[Records from a dataset]
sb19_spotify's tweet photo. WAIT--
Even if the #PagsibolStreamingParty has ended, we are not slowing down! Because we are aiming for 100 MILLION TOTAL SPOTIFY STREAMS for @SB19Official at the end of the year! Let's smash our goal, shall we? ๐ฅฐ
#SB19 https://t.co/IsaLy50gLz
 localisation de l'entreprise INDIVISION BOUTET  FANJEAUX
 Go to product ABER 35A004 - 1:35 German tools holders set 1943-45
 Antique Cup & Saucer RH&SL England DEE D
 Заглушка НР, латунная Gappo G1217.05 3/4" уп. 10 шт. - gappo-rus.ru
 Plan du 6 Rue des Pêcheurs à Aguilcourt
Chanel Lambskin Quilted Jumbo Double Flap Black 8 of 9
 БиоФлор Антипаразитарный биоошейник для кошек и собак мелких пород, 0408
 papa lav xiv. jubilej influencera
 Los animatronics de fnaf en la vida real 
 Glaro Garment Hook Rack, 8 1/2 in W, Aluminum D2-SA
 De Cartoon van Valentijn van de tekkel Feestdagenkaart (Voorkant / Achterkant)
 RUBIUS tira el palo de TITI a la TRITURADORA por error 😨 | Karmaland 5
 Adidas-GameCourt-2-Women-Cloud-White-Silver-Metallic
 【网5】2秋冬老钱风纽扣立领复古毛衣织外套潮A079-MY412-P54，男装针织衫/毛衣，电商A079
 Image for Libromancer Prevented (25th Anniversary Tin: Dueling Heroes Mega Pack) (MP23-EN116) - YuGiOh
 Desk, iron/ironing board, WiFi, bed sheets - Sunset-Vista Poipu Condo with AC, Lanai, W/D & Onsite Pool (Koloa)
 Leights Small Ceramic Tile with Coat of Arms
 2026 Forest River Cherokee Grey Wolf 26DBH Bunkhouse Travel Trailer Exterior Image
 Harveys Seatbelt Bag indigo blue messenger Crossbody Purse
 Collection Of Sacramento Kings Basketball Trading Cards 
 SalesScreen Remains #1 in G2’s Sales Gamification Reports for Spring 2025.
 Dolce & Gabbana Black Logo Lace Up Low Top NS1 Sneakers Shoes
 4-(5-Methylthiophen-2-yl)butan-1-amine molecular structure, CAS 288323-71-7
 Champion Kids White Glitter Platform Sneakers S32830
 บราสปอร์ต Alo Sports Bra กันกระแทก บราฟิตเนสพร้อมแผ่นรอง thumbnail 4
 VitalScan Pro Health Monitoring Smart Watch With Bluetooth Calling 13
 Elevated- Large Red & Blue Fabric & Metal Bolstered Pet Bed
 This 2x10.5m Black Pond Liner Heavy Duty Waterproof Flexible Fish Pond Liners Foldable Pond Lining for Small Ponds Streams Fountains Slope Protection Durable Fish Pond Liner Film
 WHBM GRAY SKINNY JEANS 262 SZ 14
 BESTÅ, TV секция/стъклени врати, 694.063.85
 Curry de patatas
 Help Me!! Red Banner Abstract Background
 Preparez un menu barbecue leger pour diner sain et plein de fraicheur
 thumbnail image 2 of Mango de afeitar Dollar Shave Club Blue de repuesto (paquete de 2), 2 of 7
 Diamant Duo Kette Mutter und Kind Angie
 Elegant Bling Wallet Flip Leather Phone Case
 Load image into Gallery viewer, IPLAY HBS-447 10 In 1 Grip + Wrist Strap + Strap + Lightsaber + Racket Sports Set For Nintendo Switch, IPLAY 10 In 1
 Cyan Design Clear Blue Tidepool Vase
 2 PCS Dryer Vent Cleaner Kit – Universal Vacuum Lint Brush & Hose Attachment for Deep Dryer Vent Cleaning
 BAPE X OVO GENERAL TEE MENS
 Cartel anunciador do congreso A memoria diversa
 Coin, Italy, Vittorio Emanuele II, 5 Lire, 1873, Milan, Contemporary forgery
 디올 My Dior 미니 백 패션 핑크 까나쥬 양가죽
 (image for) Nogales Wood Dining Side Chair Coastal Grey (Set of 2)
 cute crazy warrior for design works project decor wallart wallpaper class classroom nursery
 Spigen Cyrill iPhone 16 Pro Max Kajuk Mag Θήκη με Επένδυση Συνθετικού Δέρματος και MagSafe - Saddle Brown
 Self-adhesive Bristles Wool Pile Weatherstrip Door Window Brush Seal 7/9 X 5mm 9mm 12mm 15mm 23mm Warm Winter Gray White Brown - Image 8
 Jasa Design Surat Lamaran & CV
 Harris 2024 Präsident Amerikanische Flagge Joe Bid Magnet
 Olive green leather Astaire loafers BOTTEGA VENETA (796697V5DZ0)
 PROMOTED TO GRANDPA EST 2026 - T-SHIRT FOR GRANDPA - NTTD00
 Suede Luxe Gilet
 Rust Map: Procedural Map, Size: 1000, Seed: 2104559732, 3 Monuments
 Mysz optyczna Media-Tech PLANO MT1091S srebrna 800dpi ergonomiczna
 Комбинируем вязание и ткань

> Assigned task
Copy out each line of the data that includes the string "Grey".

> Exercise response
 2026 Forest River Cherokee Grey Wolf 26DBH Bunkhouse Travel Trailer Exterior Image
 (image for) Nogales Wood Dining Side Chair Coastal Grey (Set of 2)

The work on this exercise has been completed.